Sebagai imbalan atas status default, Google membagi pendapatan dengan mitra. Apple menerima jumlah tertinggi—diperkirakan $20 miliar dari Google pada tahun 2022—berdasarkan kesepakatan yang berlaku hingga tahun 2026. Para pesaing tidak mampu menyamai pembayaran tersebut, dan calon pesaing tidak punya alasan untuk menyaingi Google. “Prospek kehilangan puluhan miliar pendapatan terjamin dari Google—yang saat ini tidak membebani Apple sama sekali—mencegah Apple meluncurkan mesin pencarinya sendiri, padahal Apple telah membangun kapasitas untuk melakukannya,” tulis Mehta.
Sementara itu, Google telah berhasil meningkatkan pendapatan secara rutin dengan menyesuaikan sistem lelang yang digunakannya untuk menjual iklan pencarian. Perusahaan telah melakukan perubahan tersebut tanpa mempedulikan apa yang dilakukan pesaing seperti Microsoft, dan beberapa penyesuaian bahkan telah menyebabkan kurangnya transparansi dan manfaat bagi pengiklan, menurut temuan Mehta.
“Satu-satunya kendala yang tampak pada keputusan penetapan harga Google adalah potensi protes dari pengiklan dan publisitas yang buruk,” tulis Mehta.

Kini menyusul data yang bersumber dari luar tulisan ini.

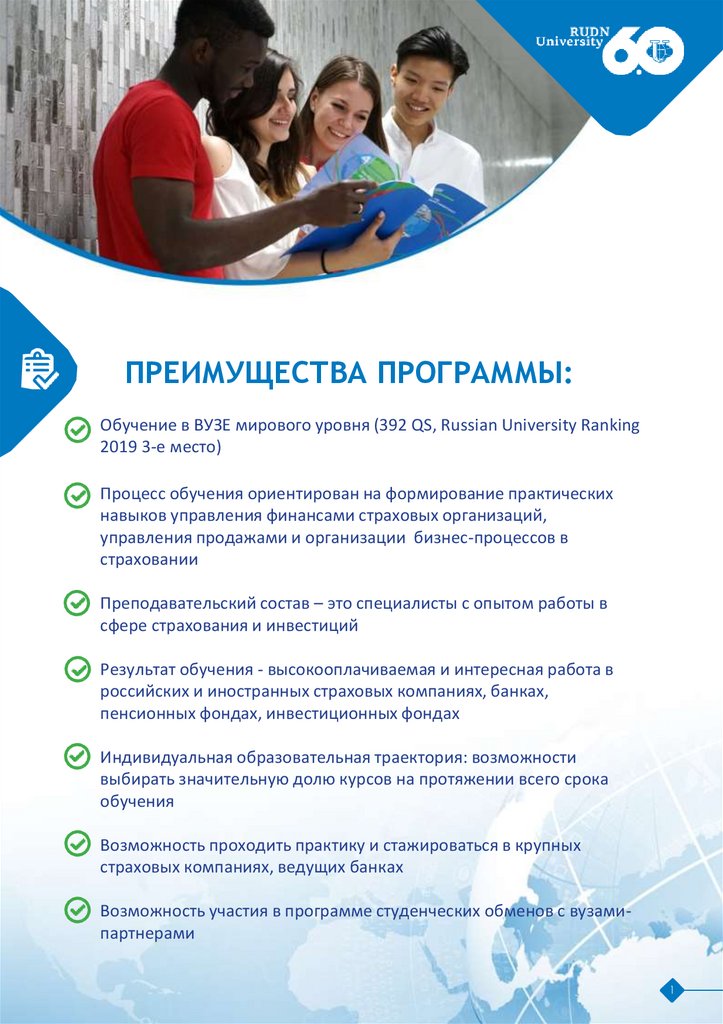 ПРЕИМУЩЕСТВА ПРОГРАММЫ: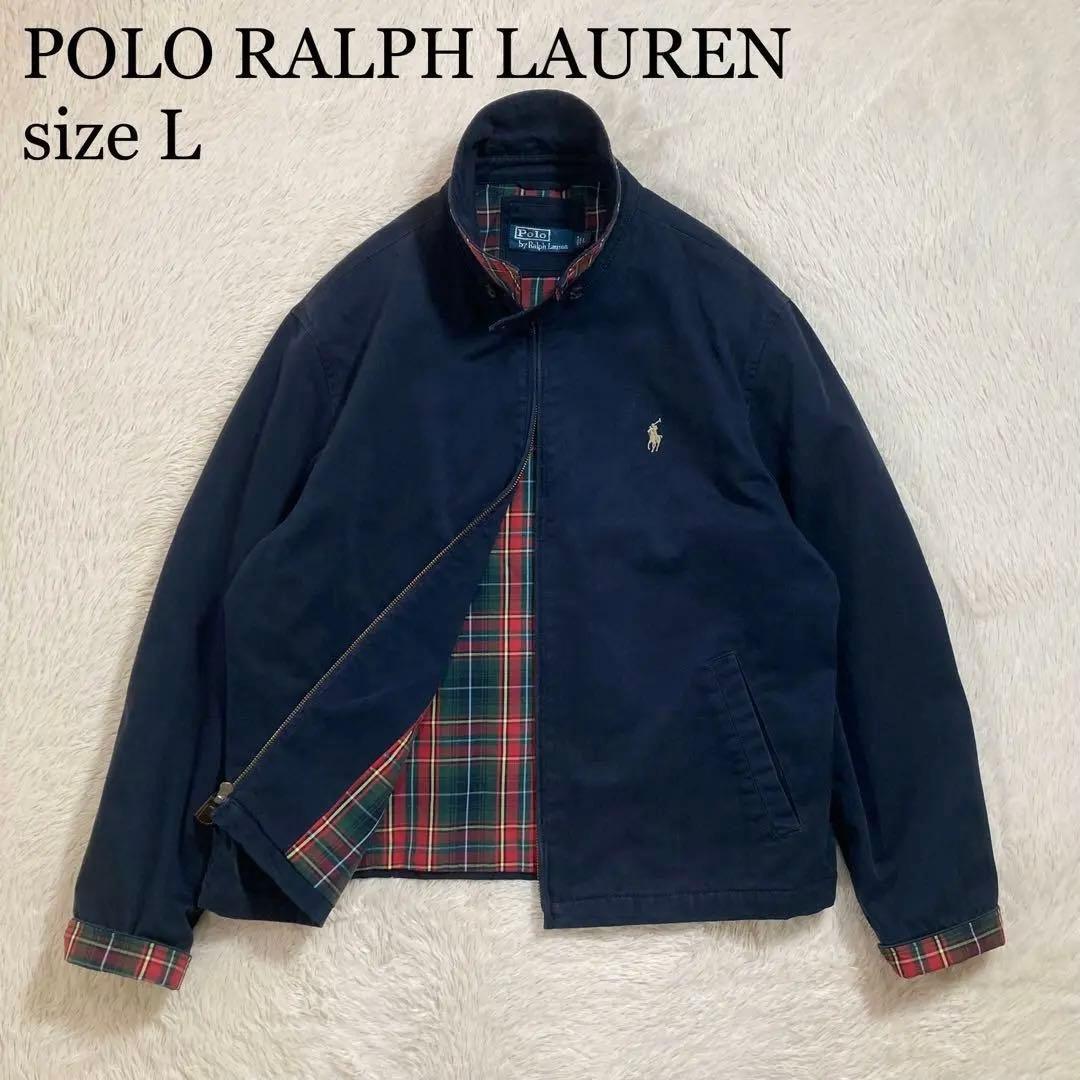 ポロラルフローレン ドリズラージャケット ジップアップ ポニーロゴ コットン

Namun, Google sengaja membuat perubahan tersebut “hampir tidak terlihat dan jarang diumumkan,” dan perusahaan “tidak mengalami konsekuensi apa pun karena tidak beroperasi di pasar iklan teks yang kompetitif.”
Putusan tersebut terinspirasi dari putusan pengadilan distrik dalam kasus pemerintah terhadap Microsoft pada akhir tahun 1990-an, yang menyatakan bahwa upaya perusahaan untuk meningkatkan peramban Internet Explorer dan menghalangi pesaingnya adalah melanggar hukum. Penyelesaian selanjutnya berkontribusi pada menjamurnya peramban baru seperti Google Chrome.
Dalam putusannya pada hari Senin, Mehta menolak untuk memutuskan bahwa Google memegang kekuasaan monopoli di pasar iklan pencarian yang lebih umum. Ia mendapati Google tidak memiliki kekuatan penetapan harga dalam iklan produk, yang mencakup gambar dan bersaing lebih langsung dengan iklan di Amazon dan media sosial.
Dalam kekalahan jaksa agung dari 38 negara bagian yang bergabung dalam kasus tersebut, Mehta memutuskan bahwa Google tidak secara melawan hukum menolak akses Microsoft ke layanan utama yang digunakan pengiklan untuk membeli iklan pencarian. Jaksa agung Colorado Phil Weiser, yang memimpin bagian kasus tersebut, tidak segera menanggapi permintaan komentar tentang apakah ia akan mengajukan banding.
Mehta juga menolak permintaan pemerintah untuk memberi sanksi kepada Google karena gagal menyimpan komunikasi internal terkait proyek pencarian. Hakim mengatakan bukti tambahan apa pun tidak akan mengubah keputusannya. “Keputusan pengadilan untuk tidak memberi sanksi kepada Google tidak boleh dipahami sebagai pembenaran atas kegagalan Google menyimpan bukti obrolan,” tulis Mehta. “Google terhindar dari sanksi dalam kasus ini. Google mungkin tidak seberuntung itu di kasus berikutnya.”